全文搜索
这有一篇相关的文章 本文简单介绍postgres里full text search。 postgres full text search在不安装插件的情况下,只支持英文字母和数字。
全文搜索的用途主要包括以下几个方面:信息检索,数据分析,内容推荐,文本处理。简单地说,全文搜索支持通过模糊的文本,去匹配信息。
例如,有一个数据库,保存电脑的名称信息。用户直接搜索“台式机和笔记本”,我们不应该直接SELECT title FROM computes WHERE title LIKE '%台式机和笔记本%'
。子串匹配的方式,不适合从大量文本中搜索。应该使用全文搜索。它有以下能力
- 忽略stop words (例如
the
an
) - 词干提取 (也就是匹配单词的各种形式 例如 run可以匹配
runs
running
ran
) - 权重排序 (最好的匹配放在结果的最前面)
下面,我简单演示一下postgres的全文搜索。现在,有以下这样一个表格
it_store=# \d products;
Table "public.products"
Column | Type | Collation | Nullable | Default
-------------+------------------------+-----------+----------+--------------------------------------
id | integer | | not null | nextval('products_id_seq'::regclass)
title | character varying(200) | | not null |
description | text | | not null |
Indexes:
"products_pkey" PRIMARY KEY, btree (id)
it_store=# select * from products;
id | title | description
----+-------------------------------------------+-------------------------------------------------------------------------------------------------------------------------
1 | HP ProDesk 460 G3 4GB RAM 1TB HDD | This is great high end cheap desktop computer.

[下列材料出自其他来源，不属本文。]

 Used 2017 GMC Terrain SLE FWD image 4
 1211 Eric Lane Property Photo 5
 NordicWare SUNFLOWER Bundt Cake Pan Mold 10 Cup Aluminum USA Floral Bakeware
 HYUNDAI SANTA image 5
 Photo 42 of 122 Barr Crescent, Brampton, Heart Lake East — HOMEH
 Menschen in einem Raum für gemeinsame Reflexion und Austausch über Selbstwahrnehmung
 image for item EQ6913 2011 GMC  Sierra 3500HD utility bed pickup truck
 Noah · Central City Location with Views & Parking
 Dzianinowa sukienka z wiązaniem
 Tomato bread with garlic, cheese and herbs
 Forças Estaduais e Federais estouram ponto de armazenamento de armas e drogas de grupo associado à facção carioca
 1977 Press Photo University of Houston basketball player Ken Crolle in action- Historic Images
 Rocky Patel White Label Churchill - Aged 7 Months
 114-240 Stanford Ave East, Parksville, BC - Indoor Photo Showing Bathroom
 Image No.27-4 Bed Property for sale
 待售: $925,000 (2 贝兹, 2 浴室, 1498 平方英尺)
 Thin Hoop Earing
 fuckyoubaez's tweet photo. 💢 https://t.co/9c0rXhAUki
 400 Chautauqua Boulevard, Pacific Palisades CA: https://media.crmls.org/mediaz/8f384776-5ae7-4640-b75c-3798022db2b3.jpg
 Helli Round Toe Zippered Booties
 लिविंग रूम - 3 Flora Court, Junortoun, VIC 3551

2 | ASUS UX363UB 8GB RAM 256GB SSD | This is a great think and light laptop computer. It has good sound quality
3 | Microsoft Surface Book 2 1TB SSD 16GB RAM | This is a great convertible laptop computer. You can use it as a tablet, as a laptop and a desktop as well if you want.
(3 rows)
it_store=#
我们要对description字段进行全文搜索。先看一下postgres会如何解析这些文本。
it_store=# select to_tsvector(description) from products;
to_tsvector
------------------------------------------------------------------------------------------------------
'cheap':6 'comput':8 'desktop':7 'end':5 'great':3 'high':4
'comput':9 'good':12 'great':4 'laptop':8 'light':7 'qualiti':14 'sound':13 'think':5
'comput':7 'convert':5 'desktop':20 'great':4 'laptop':6,17 'tablet':14 'use':10 'want':25 'well':22
(3 rows)
以上操作,是把文本转化为tsvector。这是一个特殊的数据类型,用来进行全文搜索的。可以看到可以正确地分词,而且过滤掉了the,a这样的无意义的词。
it_store=# select description from products WHERE to_tsvector(description) @@ to_tsquery('cheap');
description
------------------------------------------------
This is great high end cheap desktop computer.
(1 row)
it_store=# select description from products WHERE to_tsvector(description) @@ to_tsquery('cheap | good');
description
----------------------------------------------------------------------------
This is great high end cheap desktop computer.
This is a great think and light laptop computer. It has good sound quality
(2 rows)
it_store=# select description from products WHERE to_tsvector(description) @@ to_tsquery('great & !tablet');
description
----------------------------------------------------------------------------
This is great high end cheap desktop computer.
This is a great think and light laptop computer. It has good sound quality
(2 rows)
第一次搜索中,我搜索所有含有cheap的行。第二次,包含cheap或者good。第三次,包含great但不包含tablet 这样类似于一个玩具型的搜索引擎了。 虽然es的某些能力,postgres没有,但是对于pg能满足的需求,就不用再装一个es了。